Dataset extract =

------------------------------

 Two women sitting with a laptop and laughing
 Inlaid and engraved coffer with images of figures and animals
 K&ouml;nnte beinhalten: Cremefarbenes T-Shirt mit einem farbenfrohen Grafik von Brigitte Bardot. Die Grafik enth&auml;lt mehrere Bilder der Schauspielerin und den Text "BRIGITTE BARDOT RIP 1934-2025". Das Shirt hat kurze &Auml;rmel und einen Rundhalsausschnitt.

------------------------------

Exercise description = All the data above should be restated in full, exactly.

Worked solution =
 Two women sitting with a laptop and laughing
 Inlaid and engraved coffer with images of figures and animals
 K&ouml;nnte beinhalten: Cremefarbenes T-Shirt mit einem farbenfrohen Grafik von Brigitte Bardot. Die Grafik enth&auml;lt mehrere Bilder der Schauspielerin und den Text "BRIGITTE BARDOT RIP 1934-2025". Das Shirt hat kurze &Auml;rmel und einen Rundhalsausschnitt.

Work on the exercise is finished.